A la mi-journée, la participation au scrutin, niché au coeur d’un week-end de trois jours, atteignait 28,23%, quasi-stable par rapport au premier tour mais en légère baisse par rapport au second tour de 2012.

Arrivé en tête au premier tour, Emmanuel Macron, 39 ans, ancien banquier d’affaires et ex-ministre de l’Economie du président sortant François Hollande, est donné largement favori du second tour de la présidentielle par les sondages qui le créditent de 61,5 à 63% des voix, contre 37 à 38,5% pour sa rivale Marine Le Pen, 48 ans. Celle ci espère surfer sur la vague populiste qui a provoqué le Brexit au Royaume-Uni ou la victoire de Donald Trump aux Etats-Unis.
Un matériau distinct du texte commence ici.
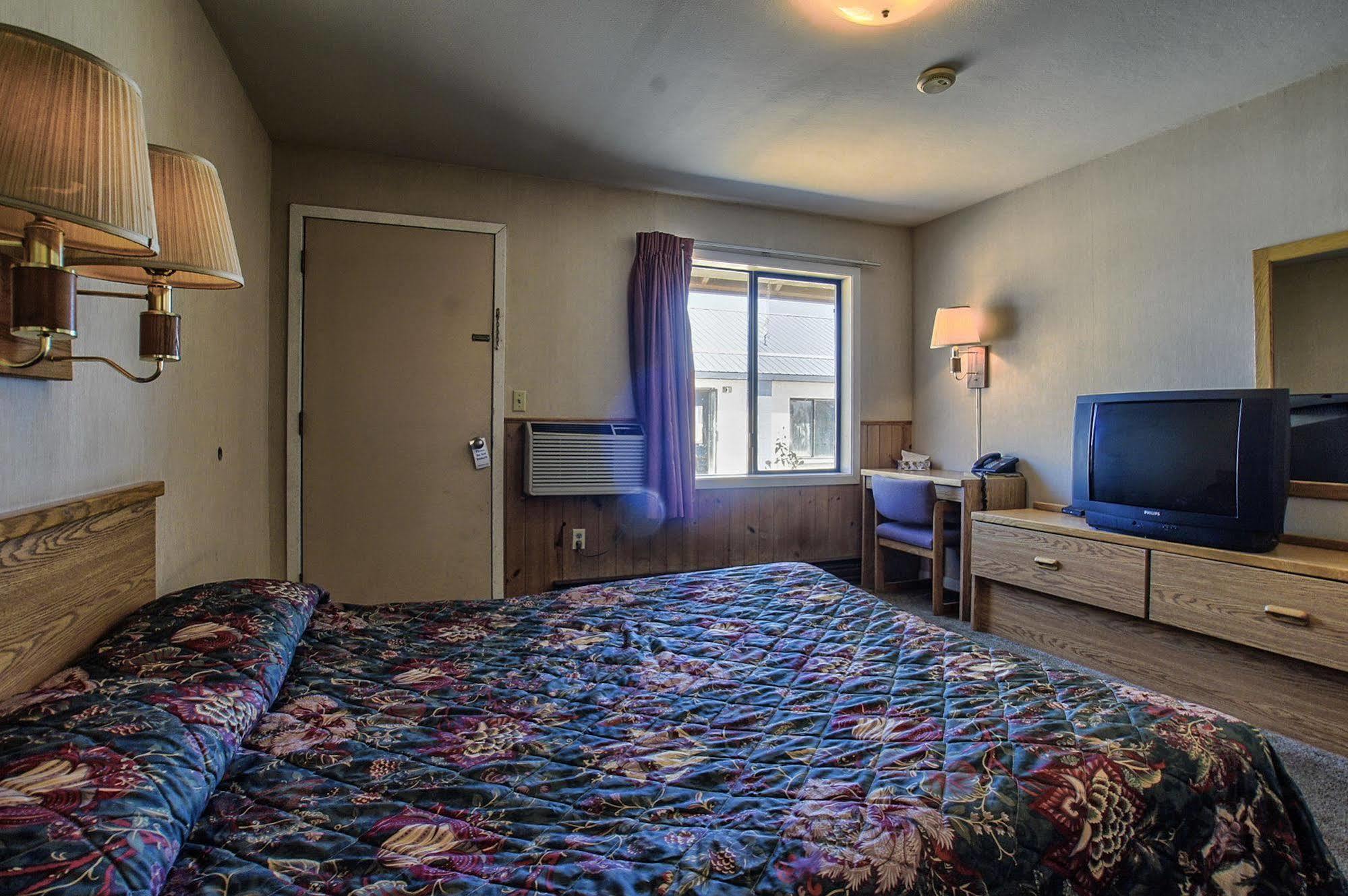 Blue And White Motel 칼리스펠 외부 사진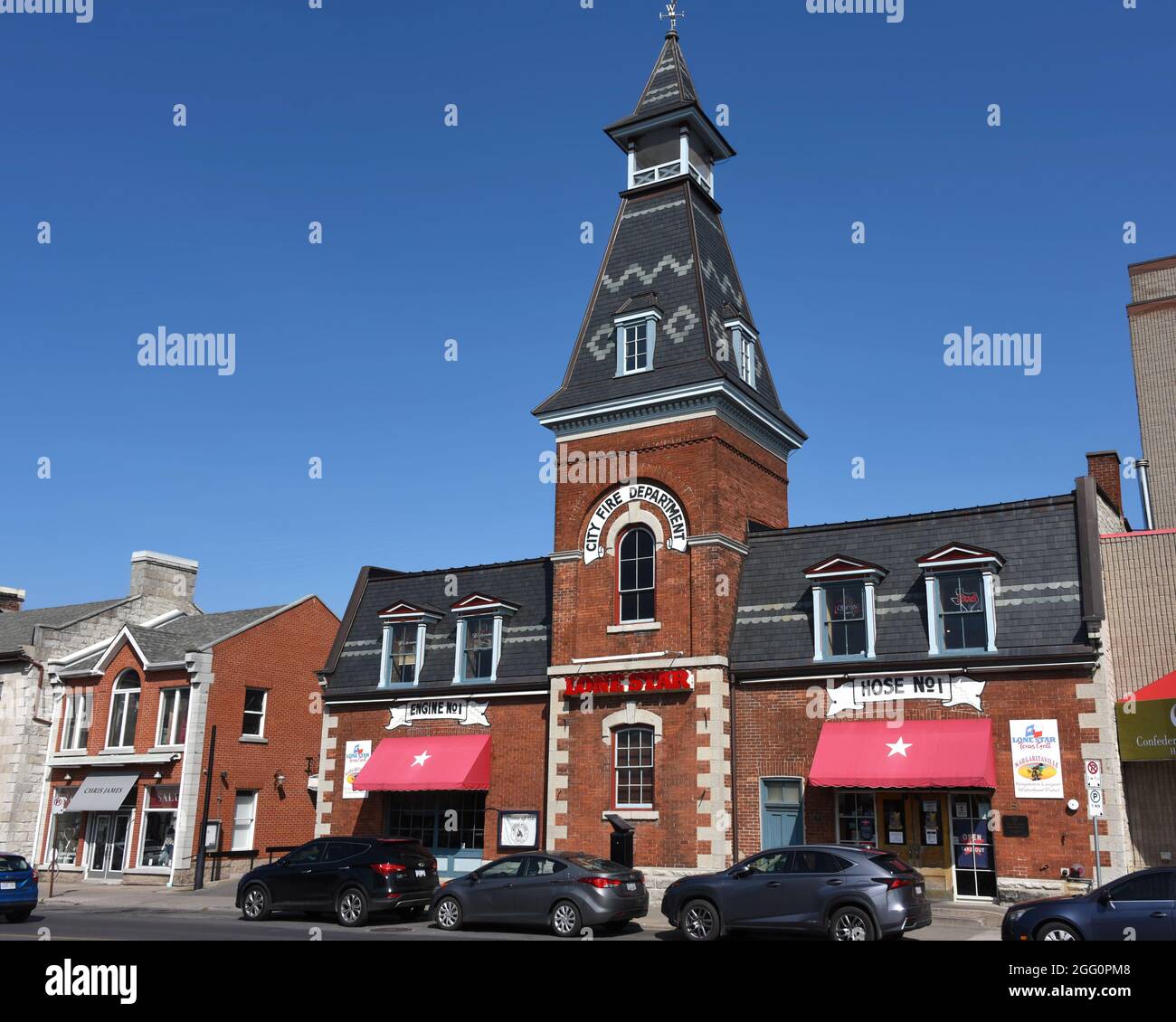 Kingston, Kanada - 15. August 2021: Die ursprüngliche Feuerhalle in Kingston, die restauriert wurde und heute ein Lone Star Texas Grill Restaurant beherbergt. Lone Star Stockfoto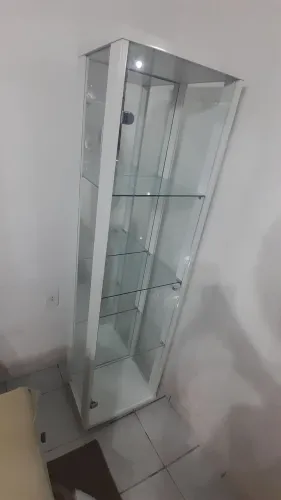 Cristaleira de Vidro com prateleiras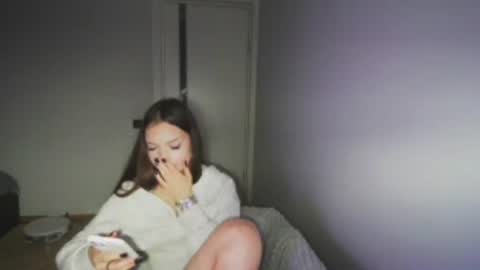 Snapshot of milipia chatting on 22, 6, 2026 milipia online show from 22, 6, 2026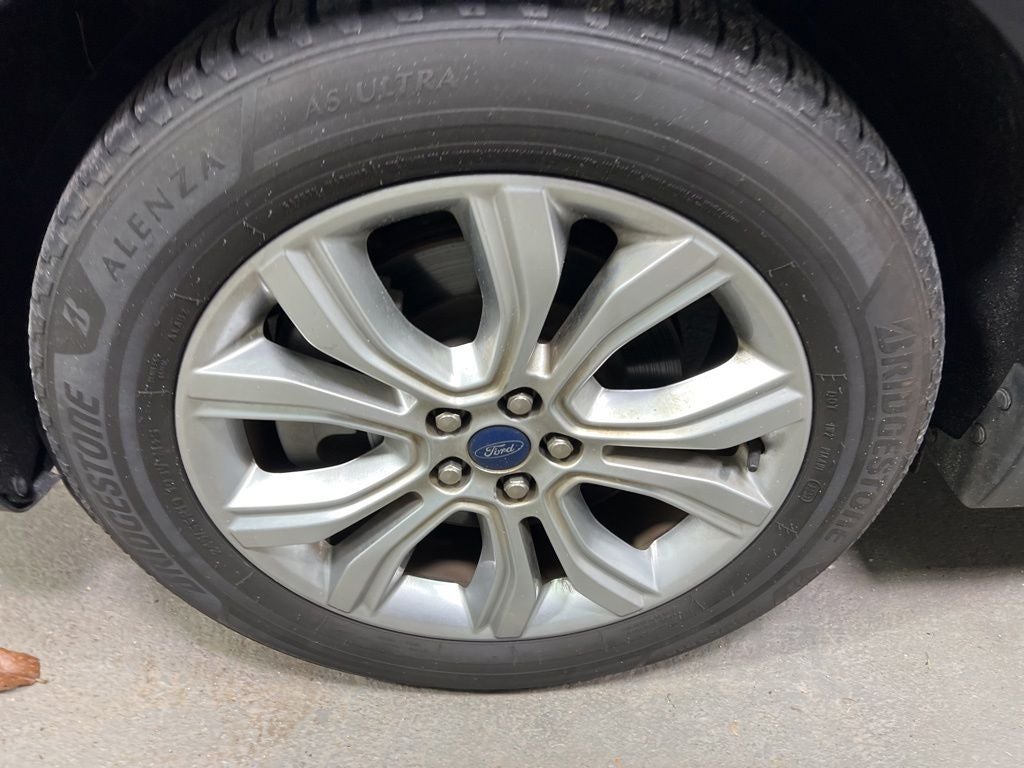 2021 Ford Edge Titanium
« Aujourd’hui, c’est la France qui est en jeu », a déclaré Bernadette, 73 ans, qui a voté dès l’ouverture de son bureau de vote à Marseille (sud-est), soulagée d’en finir avec une campagne « assommante ». Pour la Parisienne Marie Piot, 32 ans, « le monde nous attend. Après le Brexit et Trump, c’est un peu comme si nous étions le dernier bastion des Lumières ».

Pour la première fois en près de 60 ans, les deux grands partis traditionnels de la gauche (Parti socialiste) et de la droite (Les Républicains) sont écartés du second tour.

Les deux prétendants assurent incarner le renouvellement du paysage politique.

L’un, M. Macron, défend le libre-échange et veut approfondir l’intégration européenne, et l’autre, Mme Le Pen, dénonce la « mondialisation sauvage » et l’immigration et souhaite un « protectionnisme intelligent ».